• Task requirements: Output the lines from the top of the entries below to the line with "375 Plum Creek", both included, exactly and without pictures.

Supplied entries START

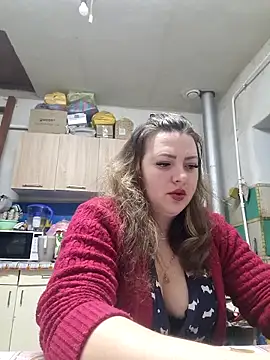 Jyleta online show from 11/23/25, 10:31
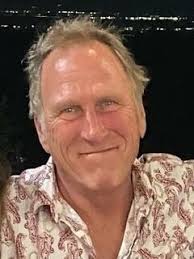 George Preston McCann II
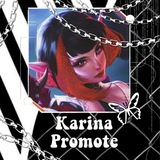 karinapromote | Unsorted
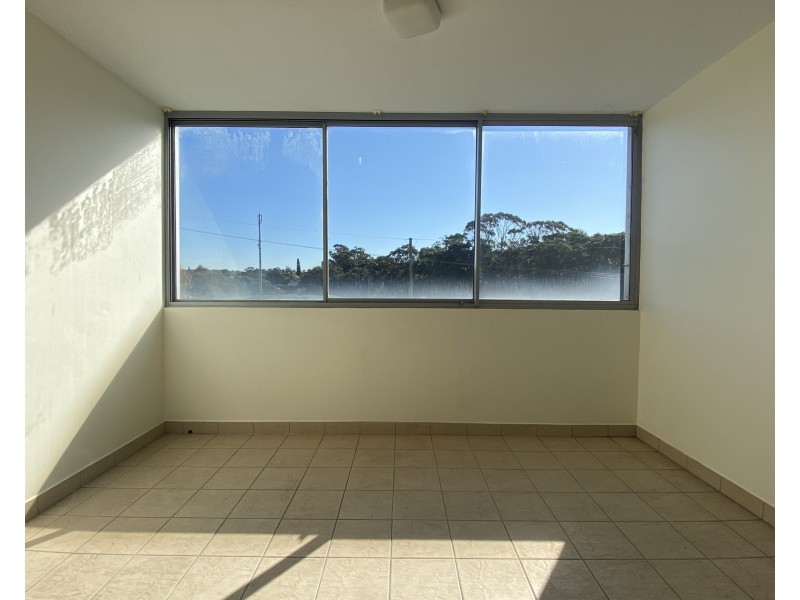 11/232-234 Slade Road, Bexley North NSW 2207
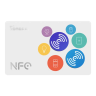 Tag NFC Sonoff na NearMe.pl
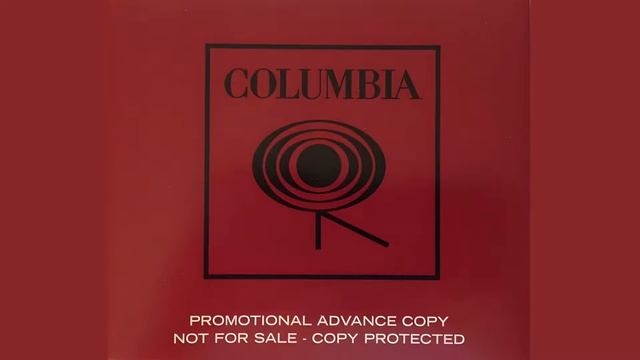 Celine Dion - My Precious One (Promo Version)
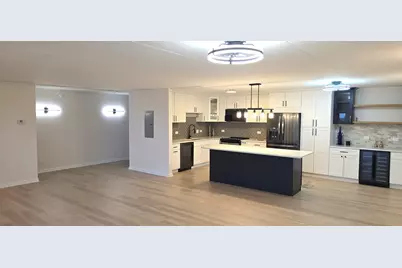 375 Plum Creek Drive #412, Wheeling, IL 60090 - Photo 15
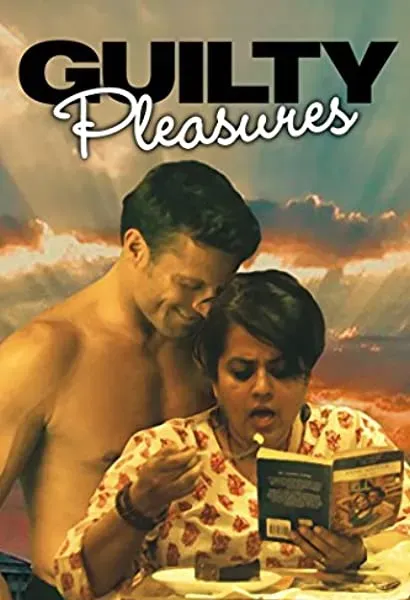 Guilty Pleasures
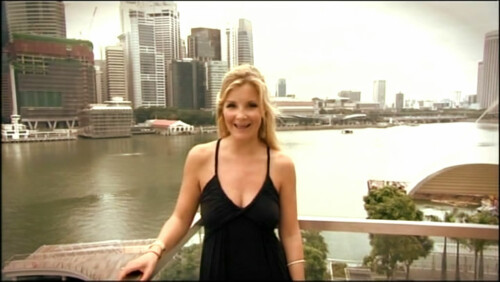 helen skelton 10
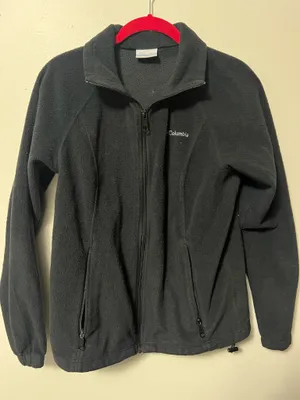 Columbia Women’s Jacket Full-Zip thumbnail 1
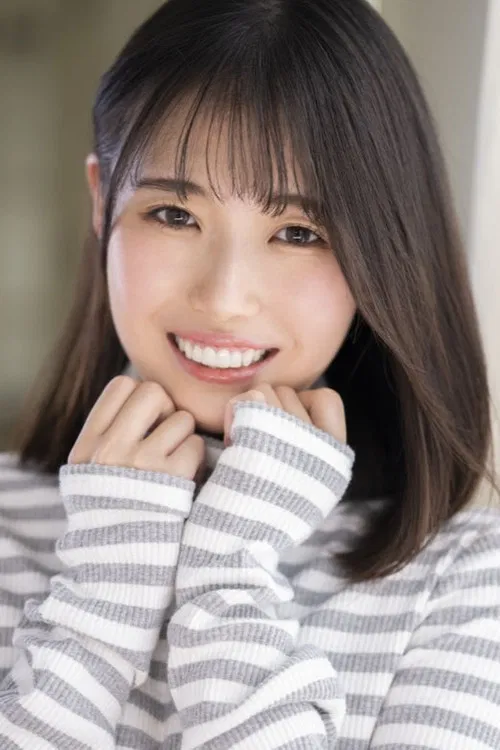 夏白麻矢 profile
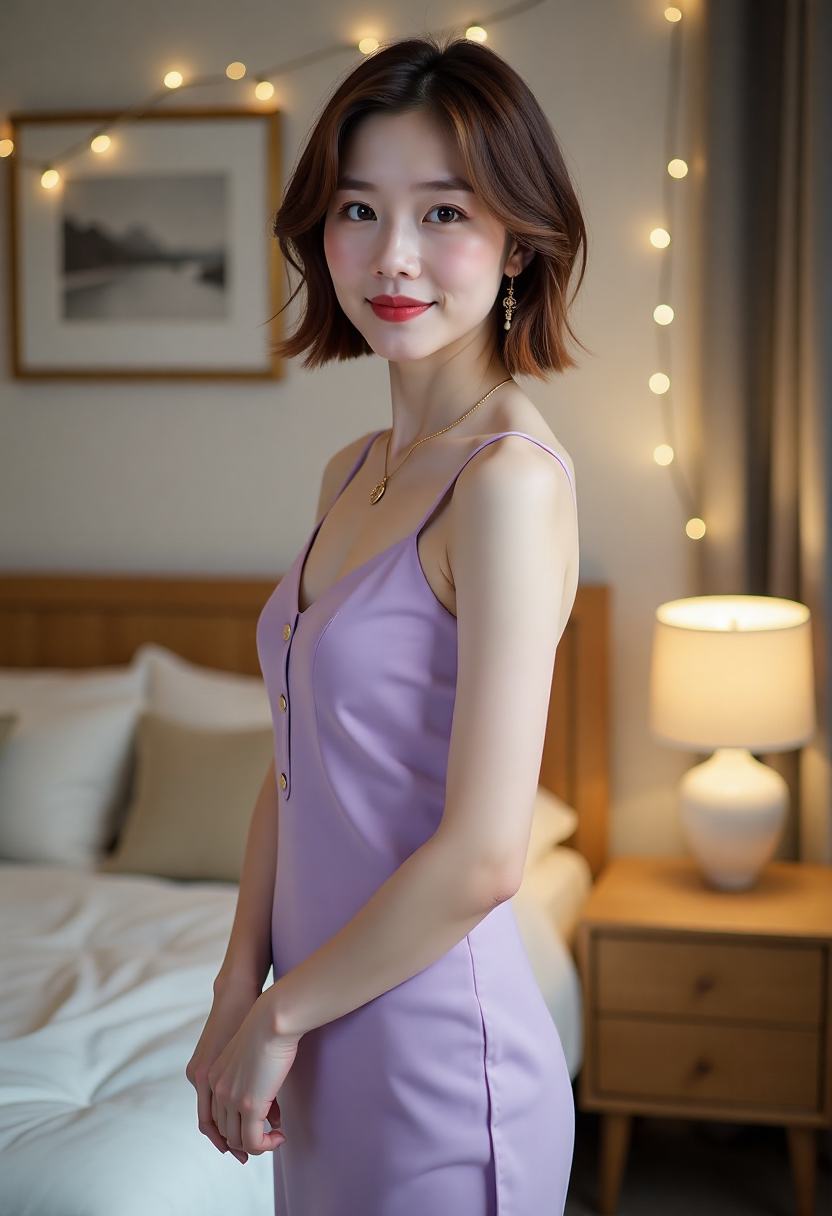 玩具吊椅
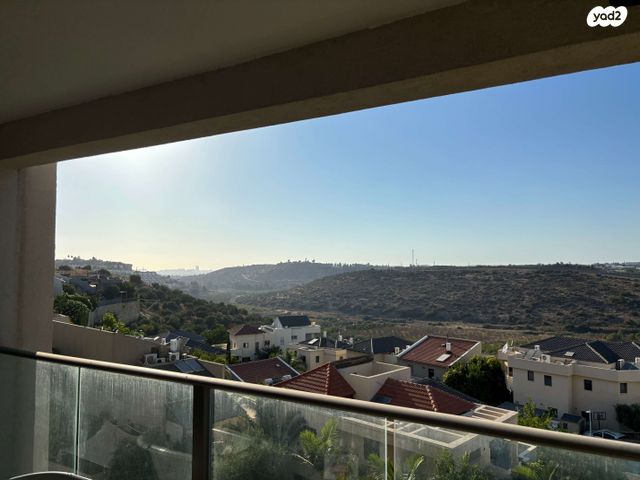 הר כנען 2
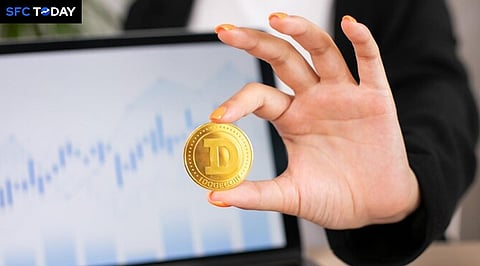 How to Use Cryptocurrency for Online Purchases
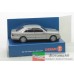 2331 47 D HERPA - Mercedes E 200 1:87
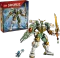 LEGO Ninjago - 15-jähriges Jubiläum: Lloyds Titan-Mech Vorschaubild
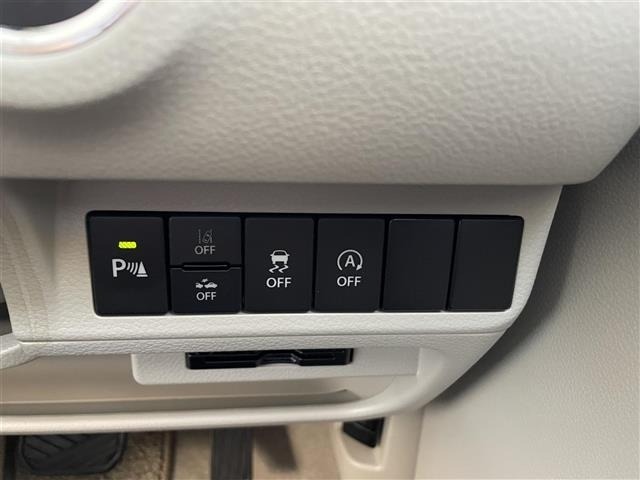 Suzuki LAPIN 2022 8239697-21
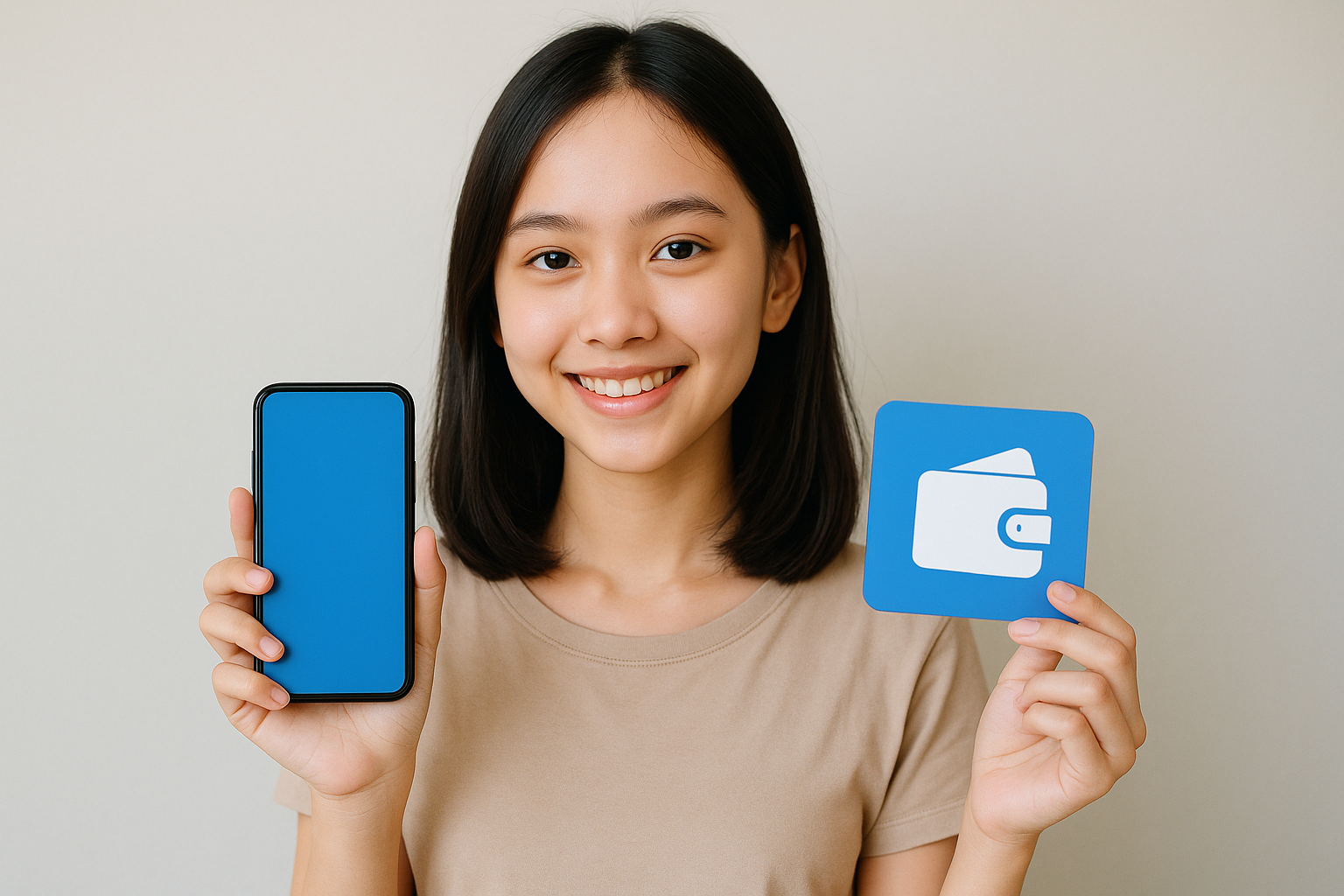 Link DANA Kaget di Tanggal Tua dan Saldo DANA Gratis Hari Ini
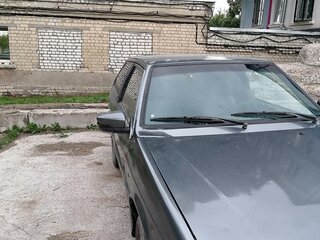 2005 Lada (ВАЗ) 2113, серый, 150000 рублей, вид 4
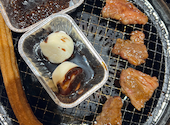 焼肉の和民 調布南口店: まりこさんの2026年04月30日の1枚目の投稿写真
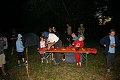 thn_IMG_5912.jpg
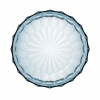 Coupelle JELLIES FAMILY - KARTELL - Finition Bleu Clair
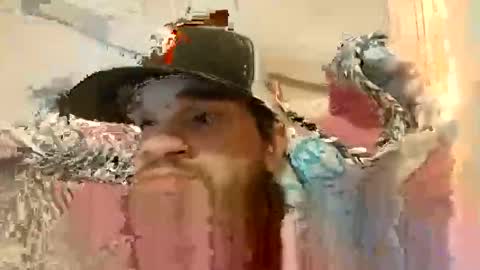 donglish718856 online show from 5, 12, 2025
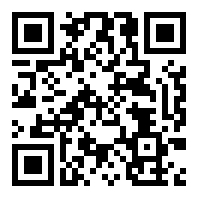 谷歌应用商店app下载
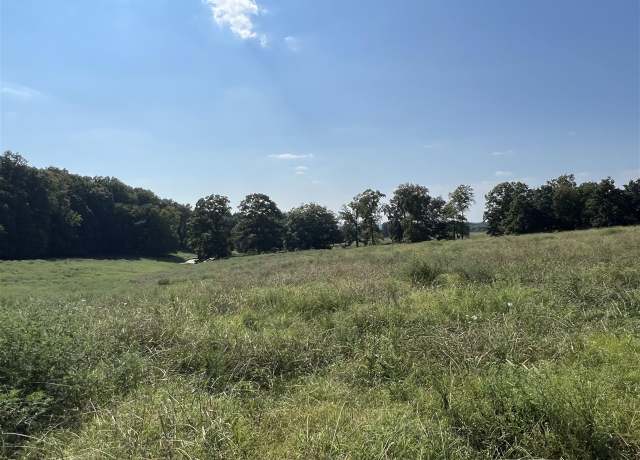 Property at 19.16 Acres Newman Rd, Scottsville, KY 42164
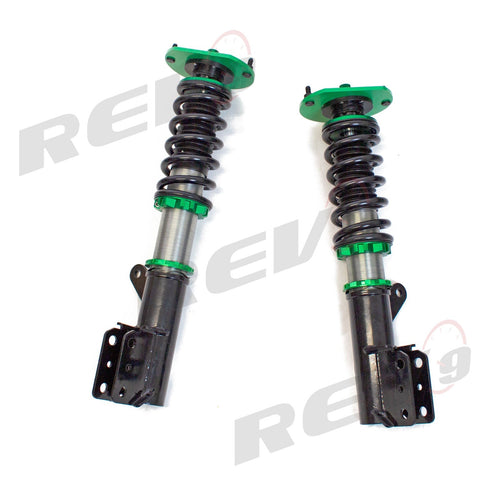 Rev9 Power Hyper-Street II Coilovers - Pontiac G5 2007-09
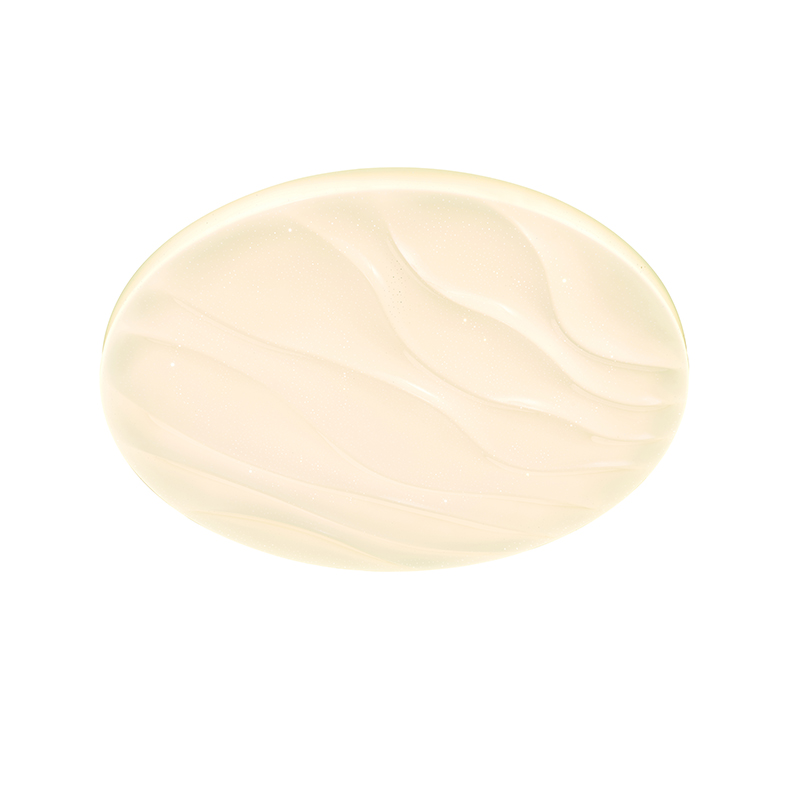 LED Acrylic Ceiling Light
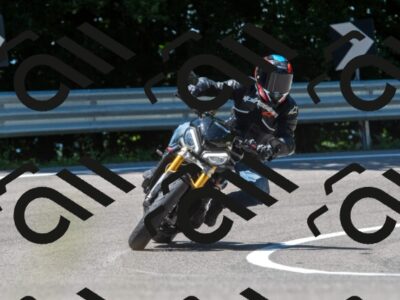 20250629123511-R01_0334_r1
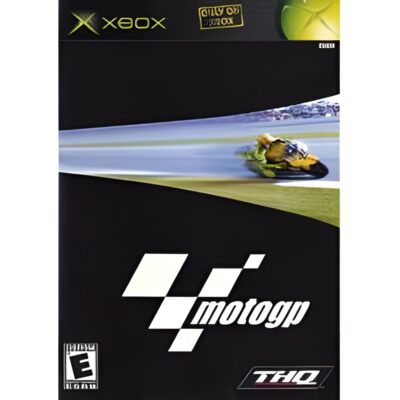Moto GP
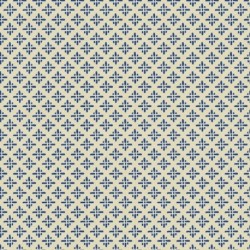 Papel de Parede JOULES 118579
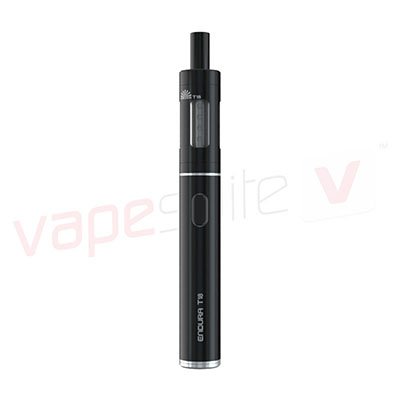 Endura T18E Vape Starter Kit By Innokin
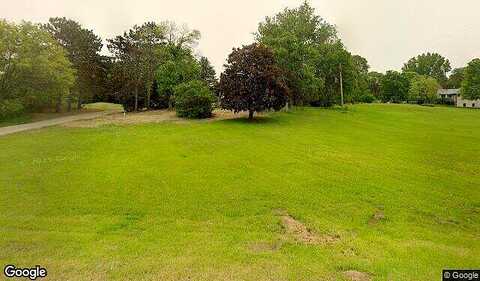 Brockton, DAYTON, MN 55327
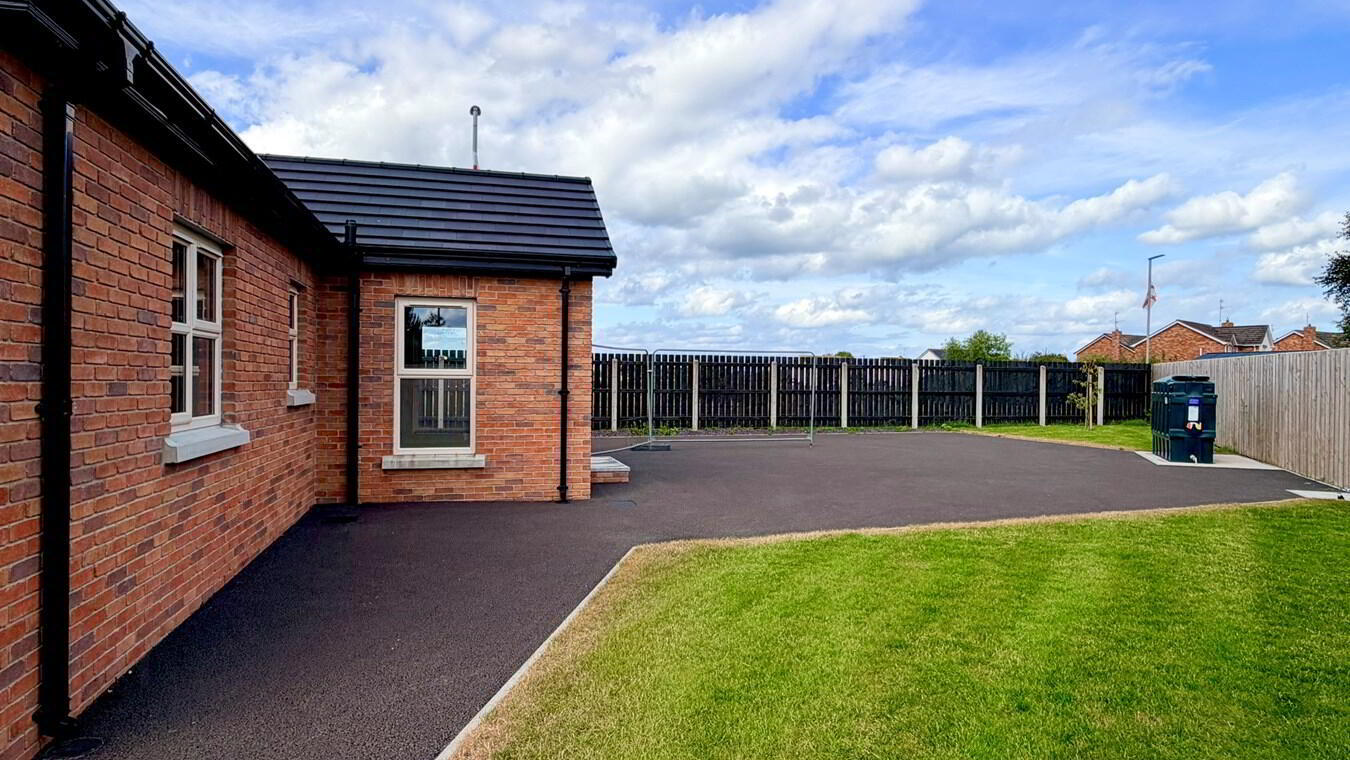 21 Mountfield Lodge 5 of 6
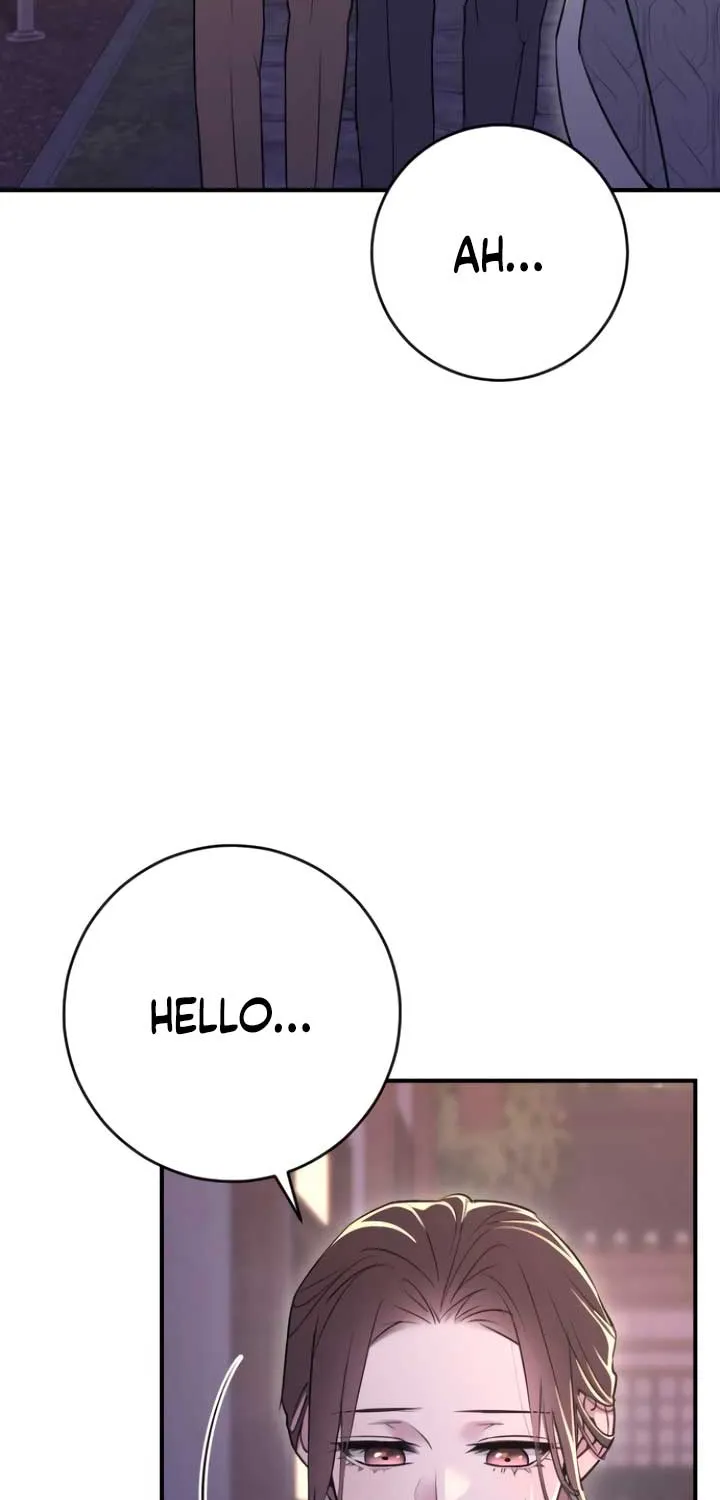 Read Bullshit chapter 15 image 52 on Lezhin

Supplied entries END

• Answer to this task:
 Jyleta online show from 11/23/25, 10:31
 George Preston McCann II
 karinapromote | Unsorted
 11/232-234 Slade Road, Bexley North NSW 2207
 Tag NFC Sonoff na NearMe.pl
 Celine Dion - My Precious One (Promo Version)
 375 Plum Creek Drive #412, Wheeling, IL 60090 - Photo 15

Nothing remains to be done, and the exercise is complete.